Other ways to calm your shrieking stomach could include:
- Give pats to a nearby pupper: Recent research showed that doing so significantly reduced anxiety in people attending an emergency room for treatment.
Kline JA, et al. (2019). Controlled clinical trial of canine therapy versus usual care to reduce patient anxiety in the emergency department. DOI 10.1371/journal.pone.0209232
- Move around: doing jumping jacks, push-ups, or another quick exercise can release some tension.
- Try CBD: A few drops of cannabidiol (CBD) oil may help calm the body without making your head disappear down a weed wormhole.
- Squeeze a stress ball: This works great when paired with deep breathing.
- Do an inversion: Lay on your back in front of a wall, with your legs up against the wall, which can help correct blood flow to the stomach.
- Grab some headphones: Listen to this song, which scientists have proven reduces anxiety.
Graff V, et al. (2019). Music versus midazolam during preoperative nerve block placements: a prospective randomized controlled study. https://www.ncbi.nlm.nih.gov/pubmed/31320504
You might also try taking a probiotic supplement. These contain bacteria that boost gut health may help to restore a healthy balance of bacteria in your gut. Not all microbes are lions waiting to chase you down.

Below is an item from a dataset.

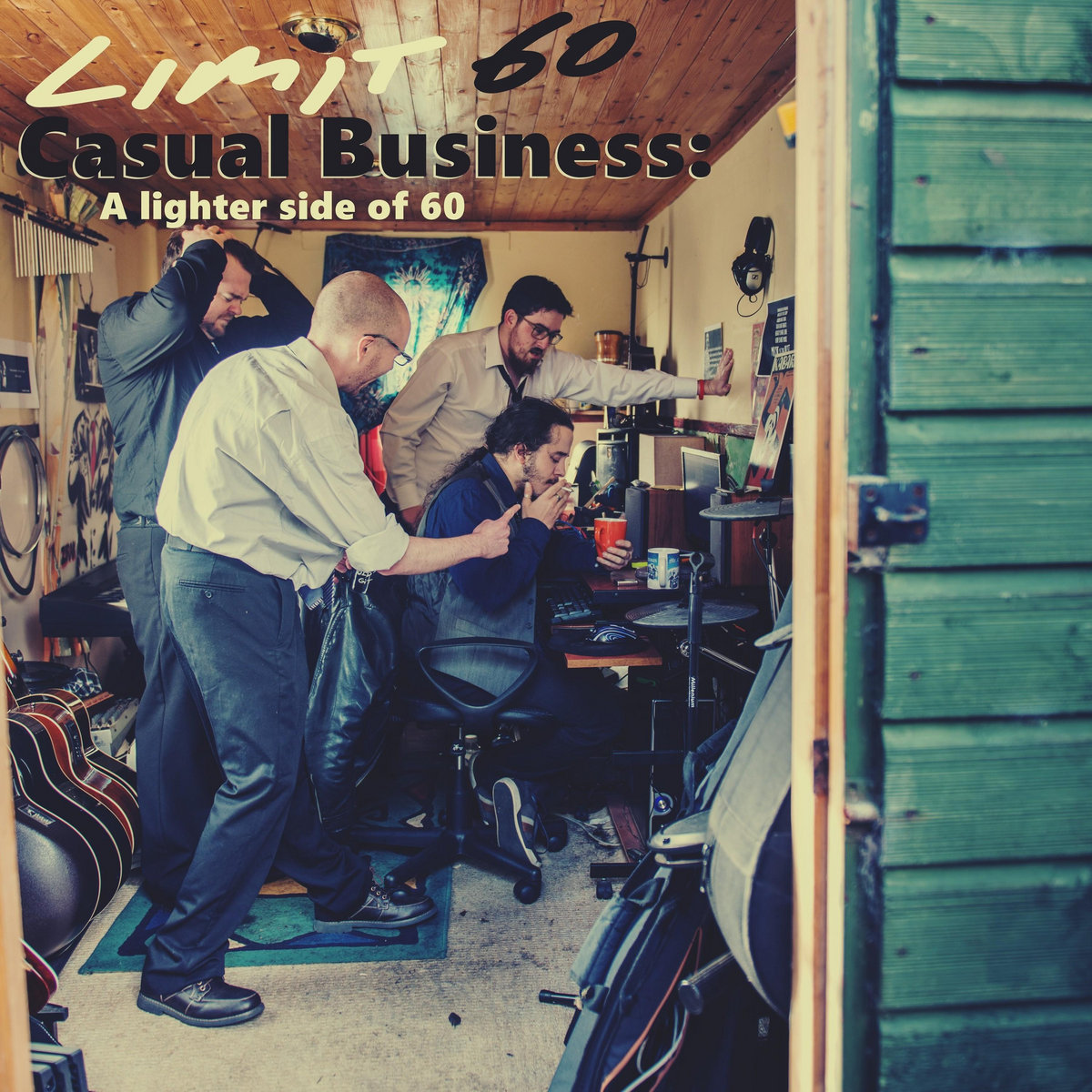 Casual Business: A lighter side of 60 cover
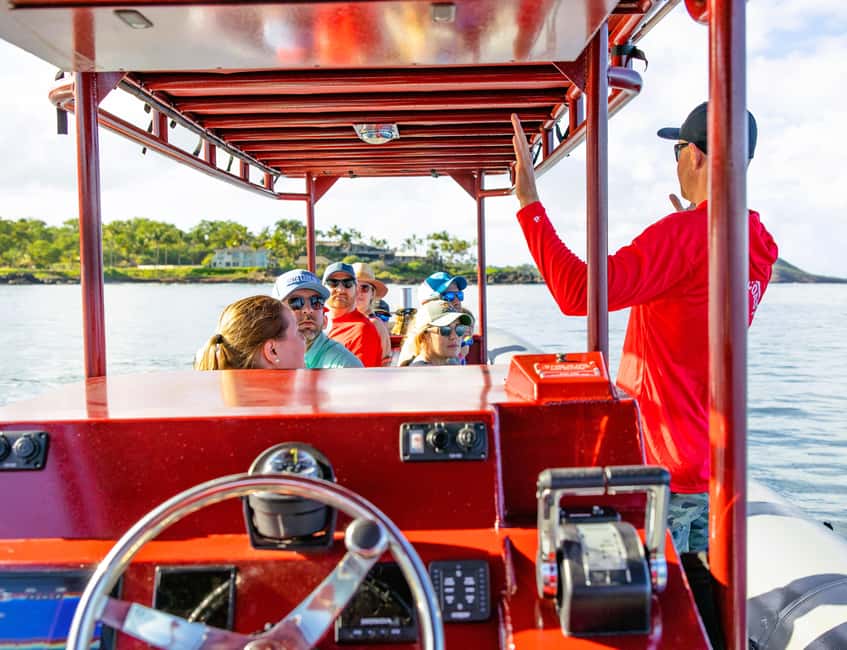 Molokini Crater Snorkel & Whale Watching (Dec 15 – Mar 30) - The ride through Makena Bay and whale country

A limited amount of studies are investigating whether these supplements might relieve anxiety. So far, there’s some evidence they may help in rodents, but scientists have not yet confirmed this effect in humans.
While there are many things you can try when pushing those butterflies away, it’s most important to realize that what’s best is what works for you.
Unless butterflies become a repeated, unpleasant pattern that suggest something more complicated is afoot, just let them be. Experience them and learn to appreciate them.
They are your body’s way of letting you know that what is about to happen means as much to you as not getting eaten by lions.
To summarize: When you learn to relax and manage your anxiety, you’ll help convince your body that it’s not in physical danger.
This can help you take control of the situation and may support you not word-vomiting at a bemused would-be manager during an interview.
That said, butterflies will keep coming at you all the way through life. It might be best to see them as a pal who’s letting you know what’s important.